Below, the soon-to-be iconic view from the 94th floor observation deck at the newly opened Shanghai World Financial Center, taken last night.

Full-access to the three observation decks is a pricey RMB 150 (more than the cost of a trip to the Empire State Building’s outdoor deck!), and perhaps – in recognition of that fact – the SWFC’s owners made the decision that they needed to offer a little something extra for visitors. Specifically: a two meter high mock-up of the SWFC that rotates 600 times per minute while flying turtles circle it in a darkened room …

That is to say, they decided to offer vistors Toshio Iwai’s “Tower of Light.” Below, a photo of this wonder taken from the SWFC Observatory Media Art brochure available to visitors:

Now, I wouldn’t bother blogging about this particular artwork but for the fact that it is an involuntary part of any SWFC observation deck visit. Want to see the view? First, you must watch the Tower of Light spin for five minutes.

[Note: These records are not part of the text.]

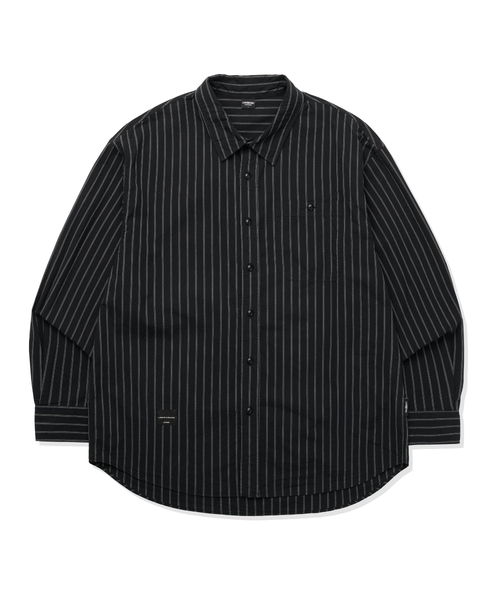 LIFE WORK（ライフワーク）の「フォーマルピンストライプシャツ（シャツ/ブラウス・メンズ・ブラック/アイボリー・MEDIUM/LARGE）」の2枚目の写真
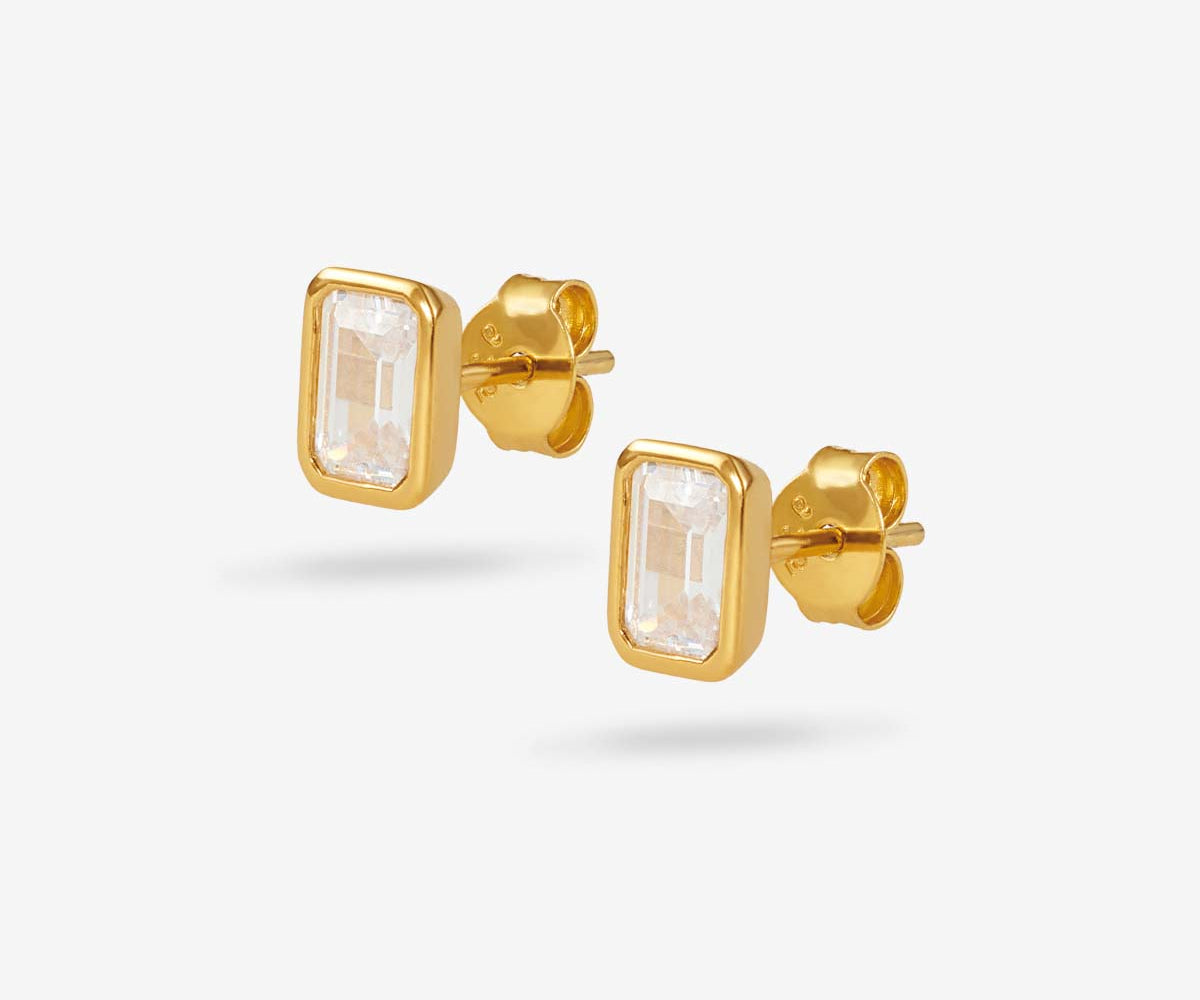 V - Stud Earring - 14K Yellow Gold, MOSUO Jewelry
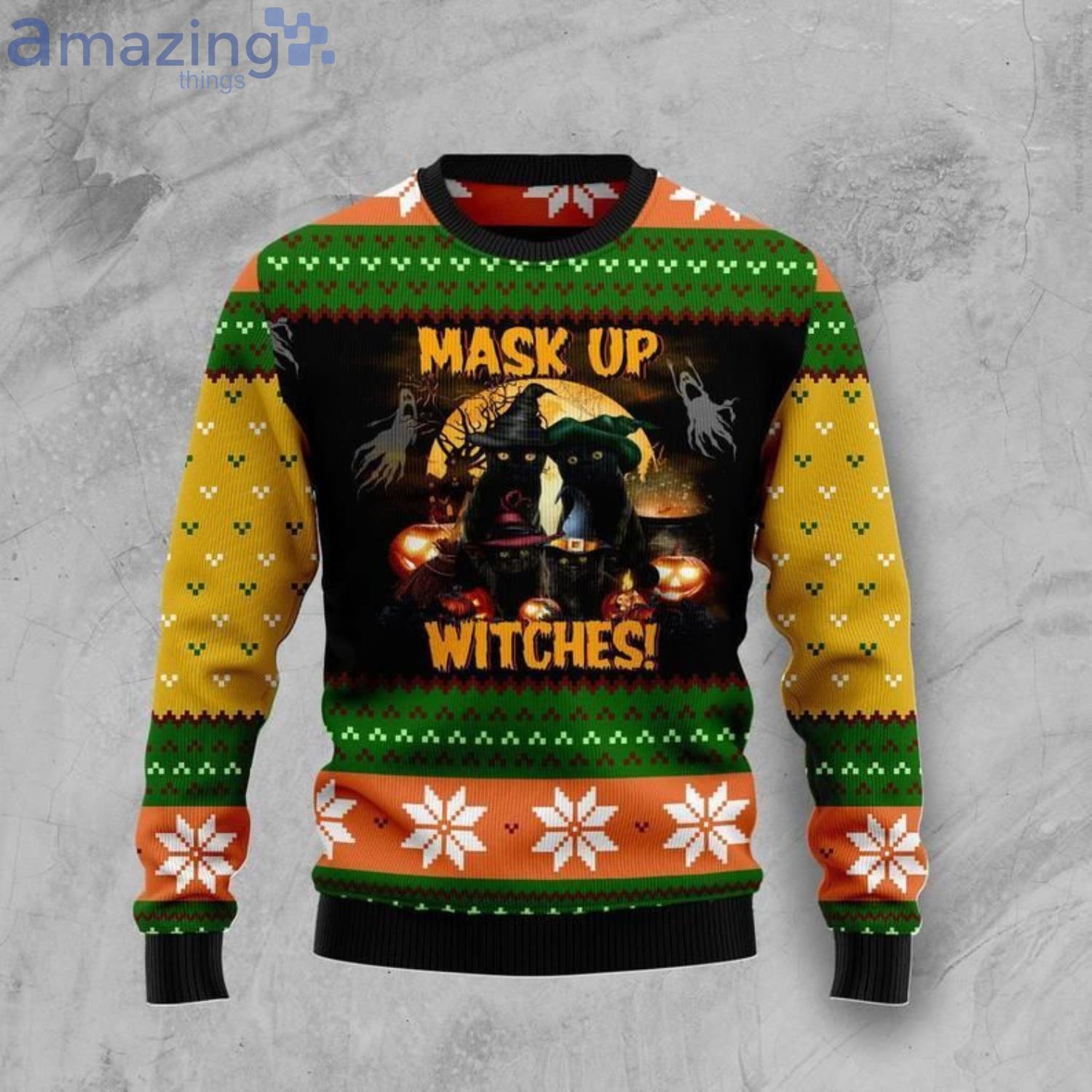 Black Cat Mask Up Witches Christmas Ugly Sweater image Black Cat Mask Up Witches Christmas Ugly Sweater Product Photo 1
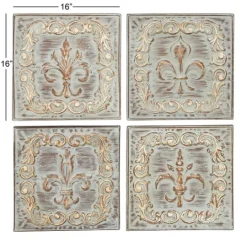 Kirkland's Home Aged Brass Fleur-De-Lis 4-Pc. Panel Wall Art- Wall Plaques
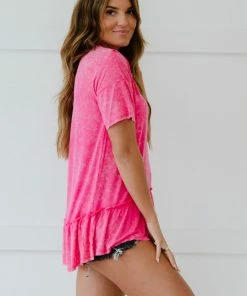 Trendsi Apparel On My Mind Acid Wash Ruffle Tee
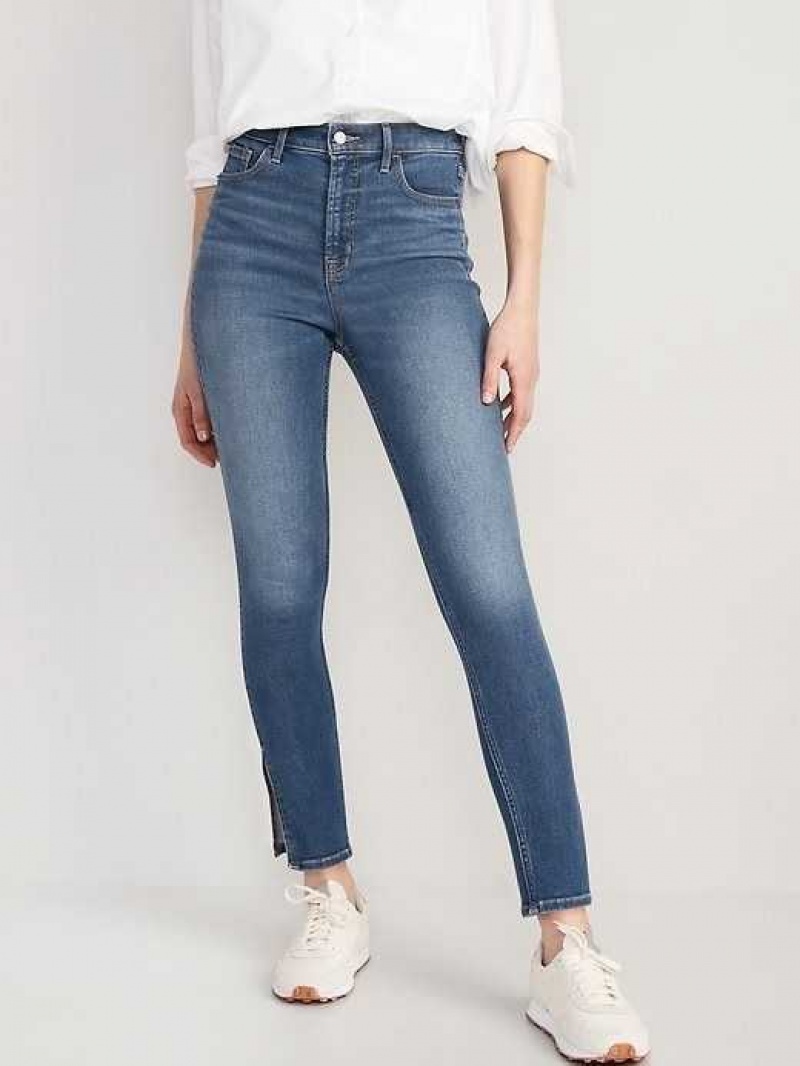 Old Navy Extra High-Waisted Rockstar 360 Stretch Super-Skinny Side-Slit Jeans Erma | IYQ284051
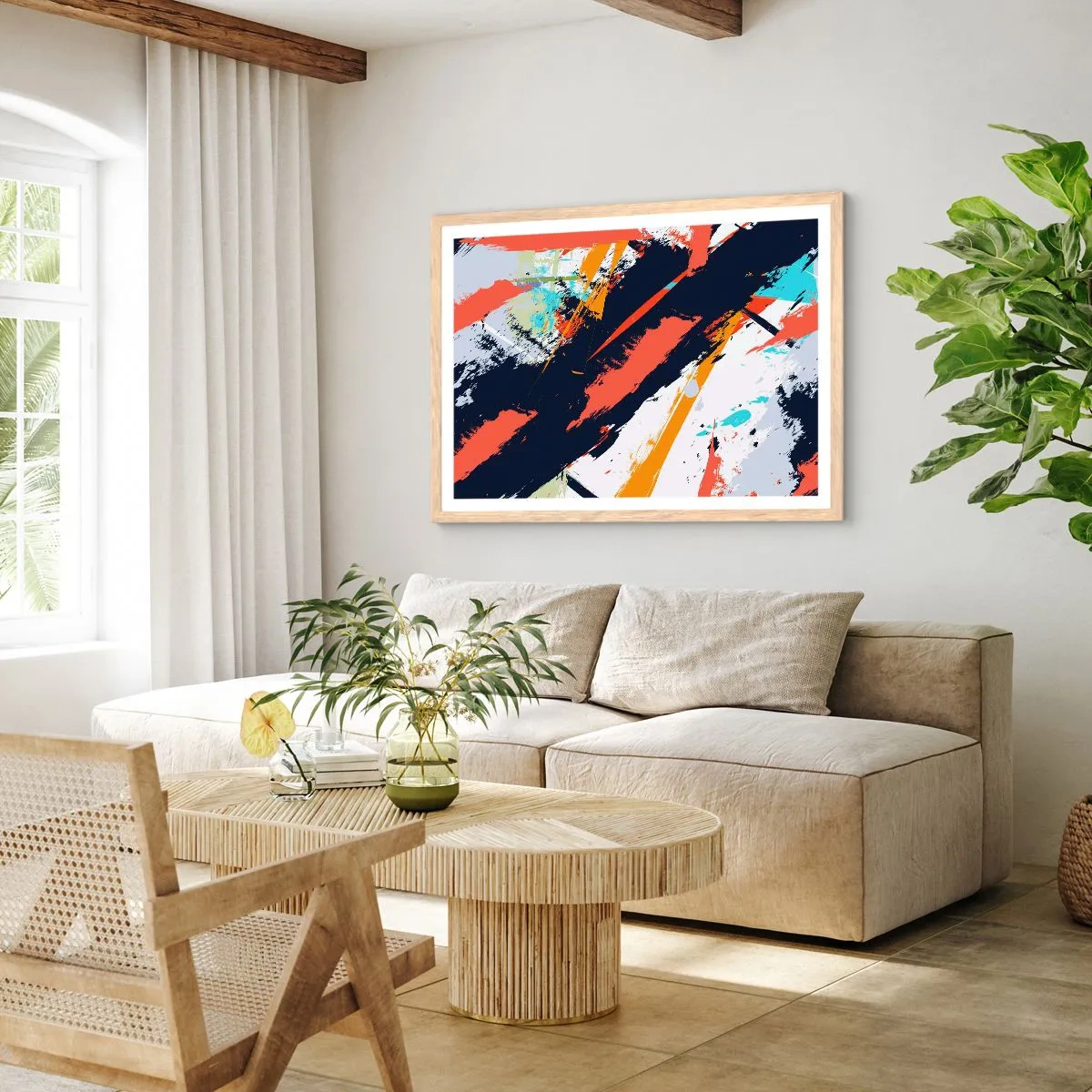 Plakat w ramie jasny dąb - Kompozycja dynamiczna - 100x70 cm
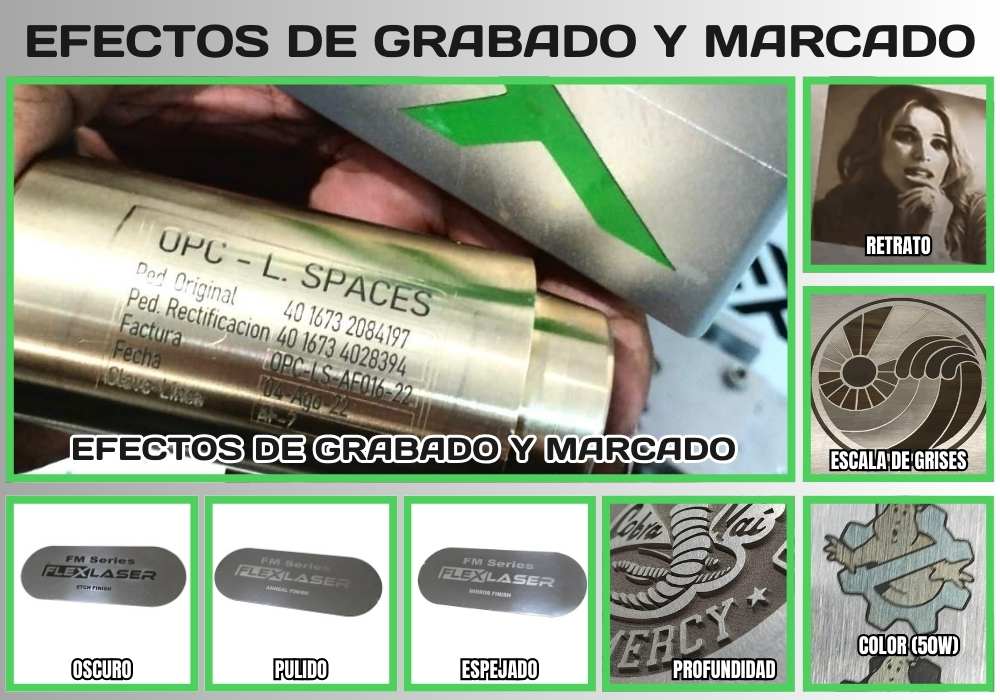 Efectos de acabado al grabar o marcar | FlexMax México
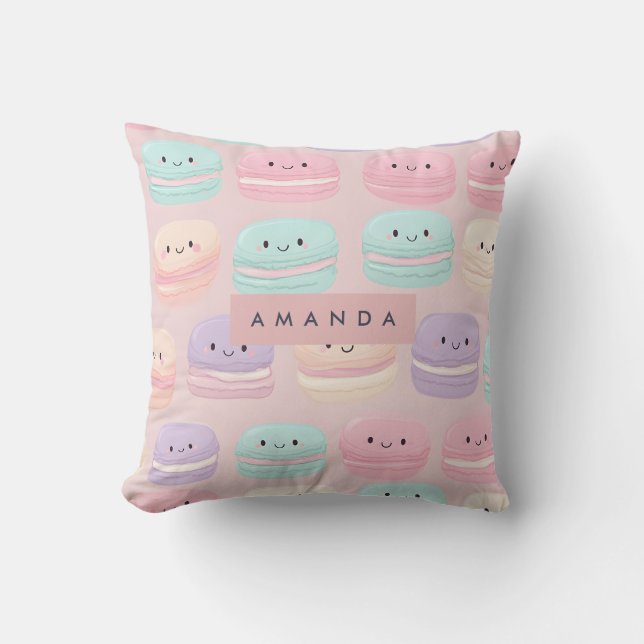 Almofada Sorriso Personalizado de Macaron Pastel Fofo (Frente)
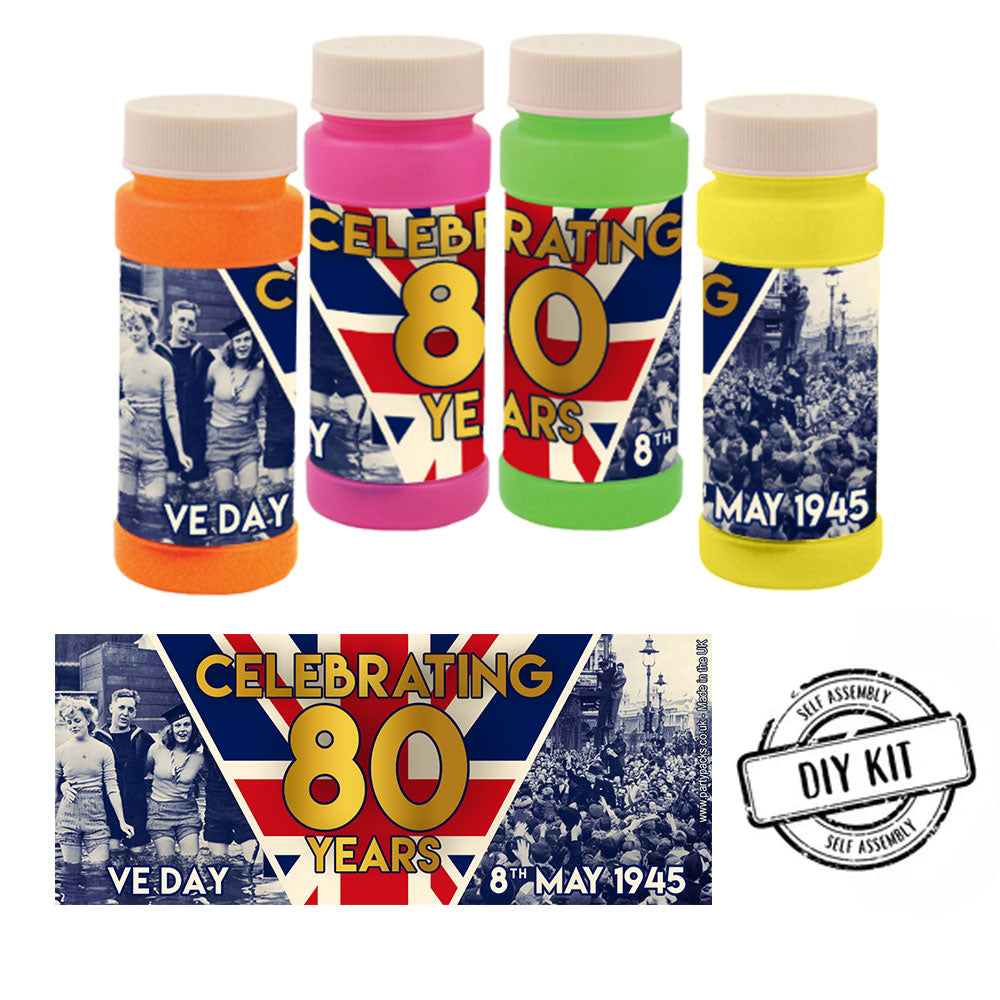 VE Day 80th Anniversary Bubbles - Pack Of 8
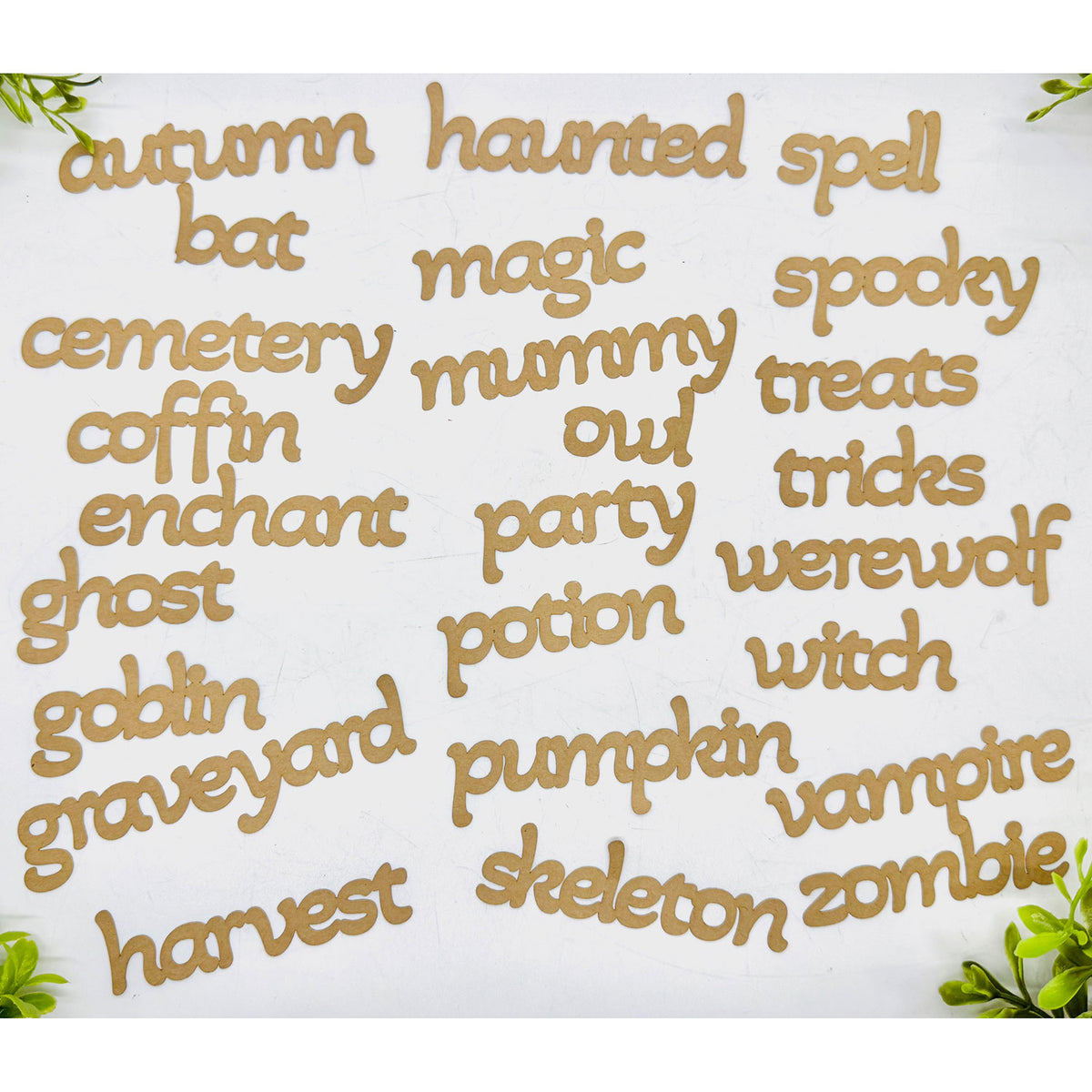 Spooky Word Cutouts – Font #3 (Set of 25) - Glowforge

The drill goes like this. After purchasing tickets visitors are ushered into a waiting room where they wait behind stanchions for their opportunity to ride the “Light Speed Elevator” to the 94th floor. However, when the moment finally arrives (the lines are long), they are instead led through a door marked “Pre-Show,” and into a round, black room, dimly lit, roughly the size of a king-sized prison cell. And at the center of the room is a glass tube that contains a two-meter high mock-up of the SWFC.

The doors are closed, the lights dim … and the SWFC begins to spin under purple light. As a B-grade sci-fi soundtrack plays, the glass tube turns purple and the SWFC begins to glow. And then a flock of flying turtles begins to fly in circles around it. For five minutes. And you can’t leave.

I’m not sure why nobody was bowing down to the thing, but surely I wasn’t the only person in the room who felt the sudden need to pay proper respects to the glowing, spinning God of Shanghai Real Estate. I’d be shocked if, during its first week of operation, somebody didn’t throw coins at it.

Anyway, at the conclusion of the black mass show, the doors are opened and visitors are ushered into the Light Speed Elevators.

[Note: In my experience, photos aren’t allowed inside of most of the world’s great sacred spaces. So, appropriately, they aren’t allowed inside of Tower of Light.]


  1. Respected artist or not, after waiting in line for two hours, through four trailing queues, to be led into a room thinking it is the elevator, having the lights switched off, and forced to watch this ugly monstrosity, most people felt nauseated and turned away! Then on to the elevator to the 94th floor , where another one hour queue awaits those wishing to go to the 97th floor, I’m not sure what comes next We quit and returned to ground zero 300 rmb and 4hrs wasted. Did anybody mention the seating arrangements, not a single chair or ledge to sit on in the building! Security arrangements are a farce, everyone walks through a body scanner, but it just bleeps away to its hearts content. Should an emergency occur the place is a horrendous death trap.

  2. Alan – Yes, yes, and yes! The only reason that I didn’t include pictures from the 97th and 100th floors is because I didn’t have the patience to wait in line to go up to there to take them. A debacle verging on an outright scam!

  3. You didn’t go up! Well I was pretty awesome or I must say “The experience of a life time” On top of that, looking down from the 100th floor and seeing 2 guys cleaning the top of the 97th floor was such a trip!

  4. I lined up for two hours to visit the most expensive high-building experience of my life yesterday and, were it not for the levity of Iwai’s media-art contribution, the Death Star aesthetic of the SWFC Observatory might otherwise have sent me out the window of the 97th floor! Compared to the paranoid and kafkaesque (and expensive) experience of the post-2001 Empire State Building (security checks, surveillance, armed security guards), I found the presence of art to ease the monotonous wait for elevators to be welcome. I would also like to add a word for the army of gracious, white-gloved attendants, who helpfully point-out the painfully obvious with sweeping hand gestures and a chorus of “this way please”, indicating the one, and only door, elevator or escalator in sight. Hilarious! BTW, they added some swank benches to the 94th floor for your seating pleasure.

  5. Great article – thanks for letting us know to avoid this scam. At some point we are going to write an article and make a video that goes into the details of how to best avoid travel scams such as this. Again great article.